- **Work item**
Copy out the data below as written; omit any images.

- **Raw data**
——————————

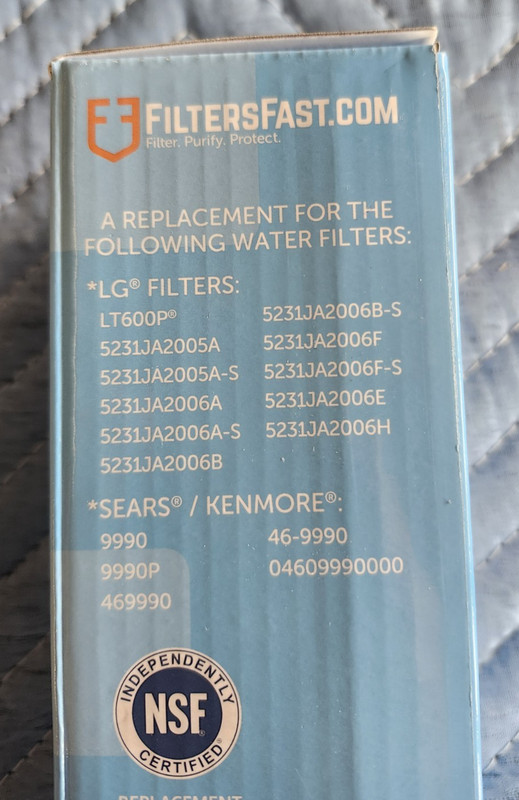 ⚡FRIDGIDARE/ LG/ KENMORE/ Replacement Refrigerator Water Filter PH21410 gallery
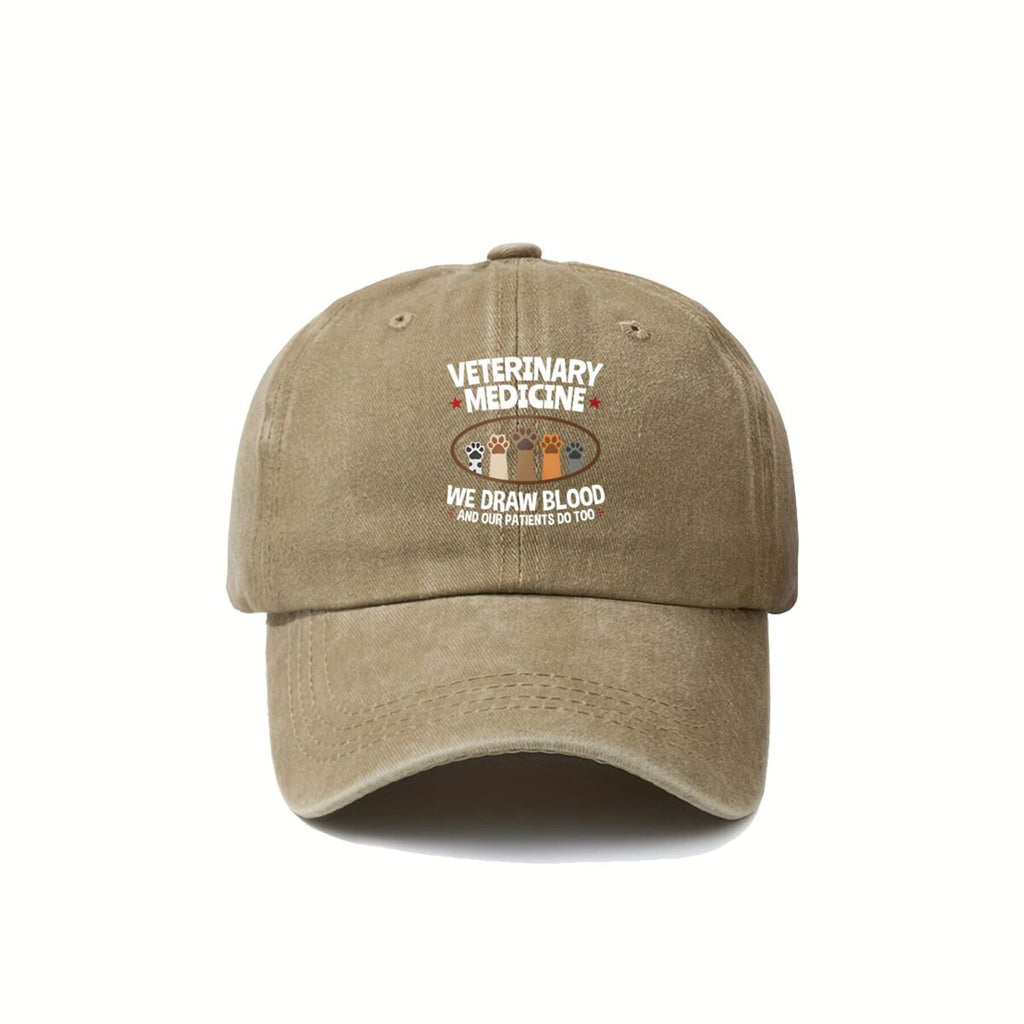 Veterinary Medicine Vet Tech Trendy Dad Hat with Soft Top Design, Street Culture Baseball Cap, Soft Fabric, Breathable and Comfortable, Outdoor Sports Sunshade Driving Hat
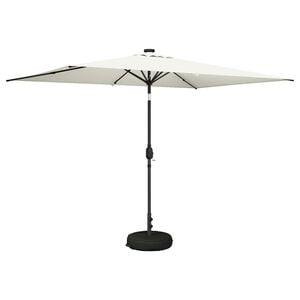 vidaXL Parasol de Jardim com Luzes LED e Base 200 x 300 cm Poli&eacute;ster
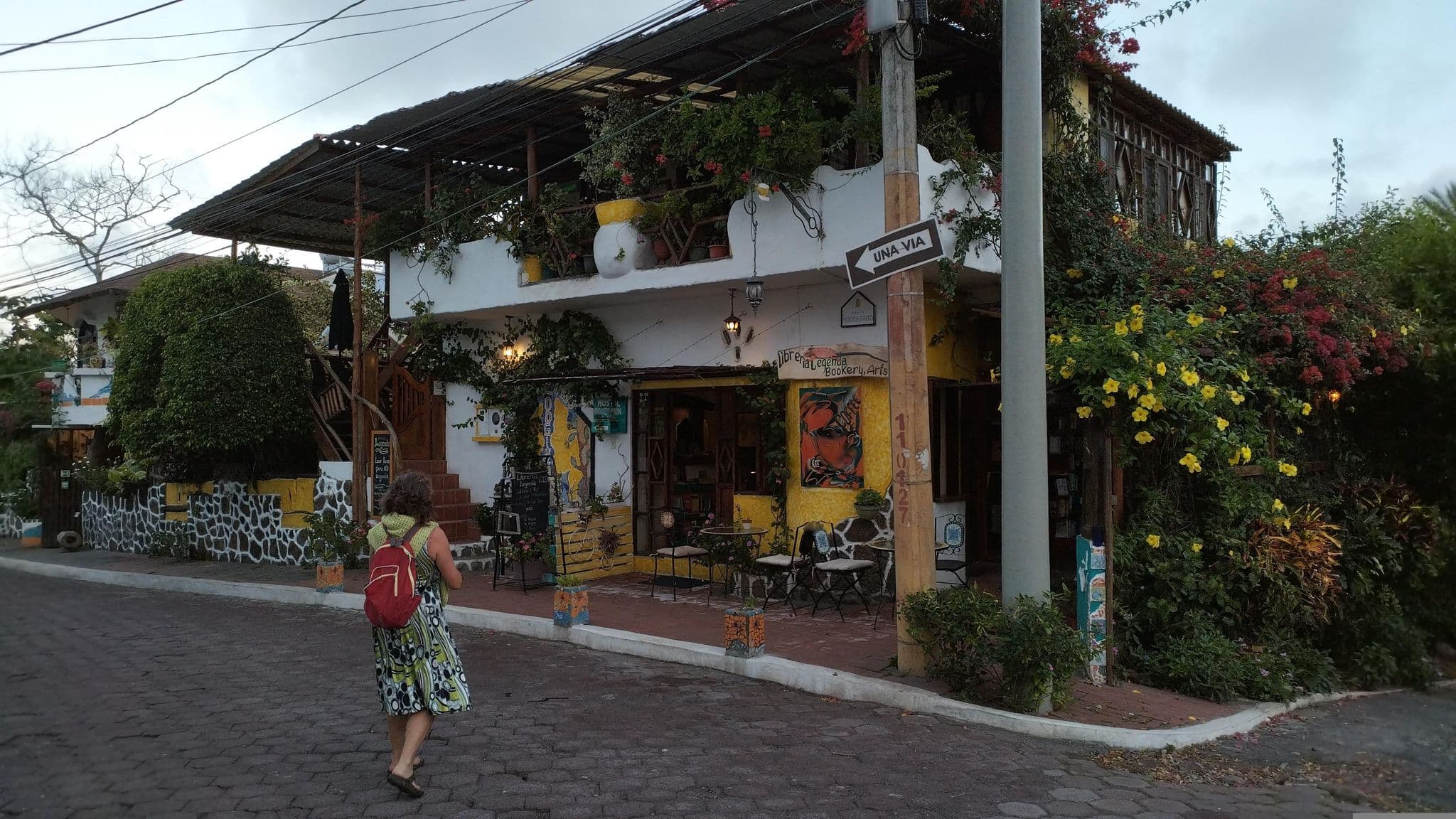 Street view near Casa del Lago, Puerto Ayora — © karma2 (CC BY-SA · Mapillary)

——————————

- **Exercise response**
 ⚡FRIDGIDARE/ LG/ KENMORE/ Replacement Refrigerator Water Filter PH21410 gallery
 Veterinary Medicine Vet Tech Trendy Dad Hat with Soft Top Design, Street Culture Baseball Cap, Soft Fabric, Breathable and Comfortable, Outdoor Sports Sunshade Driving Hat
 vidaXL Parasol de Jardim com Luzes LED e Base 200 x 300 cm Poli&eacute;ster
 Street view near Casa del Lago, Puerto Ayora — © karma2 (CC BY-SA · Mapillary)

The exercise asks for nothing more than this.